Farden Saino yang diusung Partai Golkar  membuat kejutan di dapil Palu Timur  Mantikulore. Berbekal popularitas di lapangan hijau yang  mudah dikenali oleh masyarakat, khususnya yang beredar di sepakbola usia dini, pria kelahiran tahun 1972 ini merebut suara signifikan pada pemilu tahun lalu.

Jurnalis olahraga Sulteng, Issrin Assegaf mengungkapkan sosok Farden Saino menjadi fenomenal karena bukan berangkat dari incumbent  DPRD dan bukan pula mantan pimpinan daerah.
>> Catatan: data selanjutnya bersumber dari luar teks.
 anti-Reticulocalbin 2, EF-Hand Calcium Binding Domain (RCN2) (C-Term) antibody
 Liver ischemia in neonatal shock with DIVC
Meski demikian pemilik SSB New Palu Putra ini mampu membuat kejutan dengan mengalahkan beberapa nama politisi incumbent  seperti Muh Rum dan Raodah.

“Menjadi wakil rakyat adalah tugas menyuarakan aspirasi rakyat  dan ini adalah amanah yang  yang harus kami pegang kuat,” terang Farden Saino di kediamannya, Minggu (26/5/2019).

Dikalangan PSSI Sulawesi Tengah, Farden Saino  yang sempat menjadi pimpinan cabang  di salah satu anak perusahaan Astra Group ini adalah anggota executive committee (exco) Asosiasi PSSI Sulteng yang bertugas mengawasi kinerja dan roda organisasi  PSSI Sulawesi Tengah. Paling tidak dua hal yang sama akan menjadi tugas Sarjana Tehnik ini walaupun konteksnya berbeda, yakni di PSSI dan pemerintahan. 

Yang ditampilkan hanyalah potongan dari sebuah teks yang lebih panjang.